Trois ans plus tard, le Sénat américain devait se prononcer pour une élection importante. Le Président Ronald Reagan avait besoin de ma voix pour assurer sa majorité. J’avais toujours été l’un de ses plus ardents partisans, car je trouvais qu’il était le meilleur ami qu’Israël avait jamais eu à la Maison-Blanche.

Je rencontrai personnellement le Président et l’assurai de mon soutien. Puis j’ajoutai que j’avais une requête personnelle à formuler : je rappelai au Président que ma mère avait émigré de Russie et que c’était uniquement grâce à cet acte que j’étais né aux États-Unis et que je le représentais au Sénat américain. J’insistai pour qu’il évoque la liberté de quitter le pays pour les Juifs soviétiques lors de la prochaine conférence au sommet : « Par ailleurs, ajoutai-je, ceux qui seront autorisés à quitter l’Union Soviétique ne devront pas être seulement des personnes âgées ou malades, mais aussi des enfants, des adolescents, des médecins et des savants. Chacun d’entre eux devrait pouvoir jouir du droit élémentaire à la liberté de mouvement ! »

Le Président Reagan m’écouta attentivement et accepta ma suggestion.

De fait, je fus la dernière personne à qui il avait accordé un rendez-vous avant le départ pour Reykjavik, en Islande, pour la conférence qui eut lieu au début d’octobre 1986. Lors de cette réunion, je présentai au Président une liste de 1200 noms de Juifs soviétiques qui avaient demandé à quitter la Russie. Je fis remarquer qu’en fait, il faudrait y ajouter des millions d’autres noms, mais que cela représentait déjà un bon début.
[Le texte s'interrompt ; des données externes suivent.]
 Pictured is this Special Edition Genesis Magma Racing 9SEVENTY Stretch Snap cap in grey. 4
À cette occasion, j’agis avec « diplomatie discrète » puisque seuls le Président, son aide de camp et moi-même nous trouvions dans le bureau ovale.
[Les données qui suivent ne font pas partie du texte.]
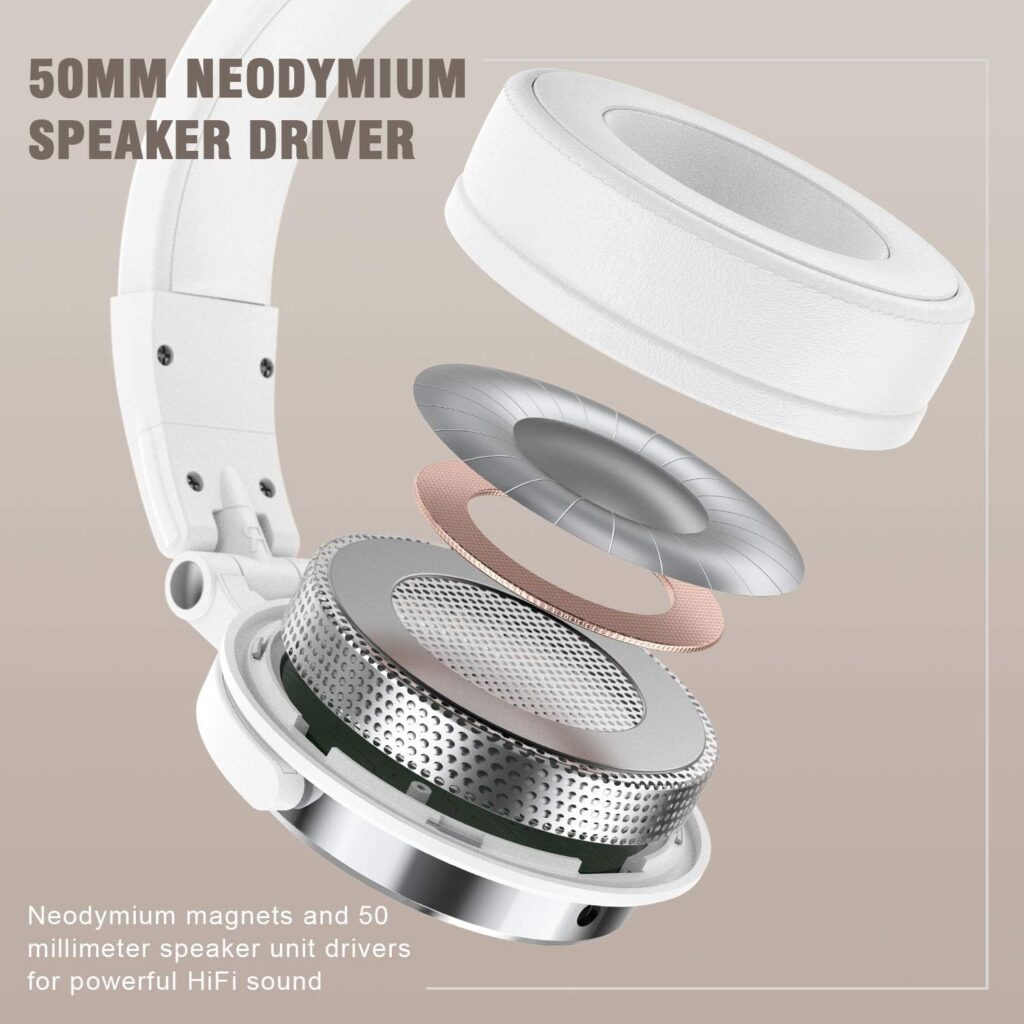 Over-Ear Headphones, Wired Foldable Headsets with 50mm Neodymium Drivers and Stereo Sound, Powerful Bass Headphones with Protein Memory Foam Ear Pads for Electric Drum Piano Guitar AMP (Silver)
Il tint parole et tendit discrètement la liste au Président Mikhaïl Gorbatchev lors de la conférence de Reykjavik. Il expliqua que cela lui tenait à cœur. En quelques semaines, plusieurs familles juives furent autorisées à quitter la Russie. Bien vite, leur nombre fut multiplié par deux, trois, dix… et ce furent des centaines de milliers de Juifs qui purent quitter enfin le « paradis soviétique ».

Après la fin de son mandat, le Président Reagan et son épouse me rendirent visite aux Bahamas où j’avais été nommé ambassadeur. Ils m’invitèrent avec mon épouse à une petite réception qu’ils réservaient à quelques amis. J’en profitai pour remercier le Président en insistant sur le formidable service qu’il avait rendu au peuple juif en plaidant la cause de ces Juifs soviétiques ; je lui demandai alors pourquoi il n’avait jamais évoqué cet épisode en public. Madame Reagan expliqua que M. Gorbatchev les avait avertis qu’autour de lui, de nombreux apparatchiks n’étaient pas d’accord que les Juifs quittent le pays. Si le sujet avait été rendu public, cet exode aurait immédiatement été stoppé. Le Président Reagan avait utilisé la « diplomatie discrète » avec M. Gorbatchev.

L’histoire ne s’arrête pas là. Mon frère Marty eut un jour des problèmes au pied. En Californie, on l’adressa à un médecin qui l’envoya chez un spécialiste. Celui-ci l’examina puis lui demanda : « Vous vous appelez Hecht. Êtes-vous en famille avec le sénateur Hecht ? »

– Oui, c’est mon frère !

Le médecin était très ému et expliqua que j’avais sauvé la vie de sa famille et de ses beaux-parents. Leurs noms avaient figuré sur la liste. On leur avait juste demandé de se trouver à l’aéroport à une certaine heure. Ils n’avaient aucune idée de ce qui les attendait. Ils étaient montés dans un avion et avaient atterri à Vienne. Avec le peu d’argent dont ils disposaient, ils avaient envoyé un télégramme de remerciement au Président Reagan. Par la suite, je rencontrai de nombreux autres Juifs qui s’étaient trouvés sur cette liste. Le conseil du Rabbi – faire appel à une « diplomatie discrète » – s’était avéré fructueux : des centaines de milliers de Juifs avaient été sauvés et l’État d’Israël s’était renforcé avec l’arrivée de nombreux savants soviétiques.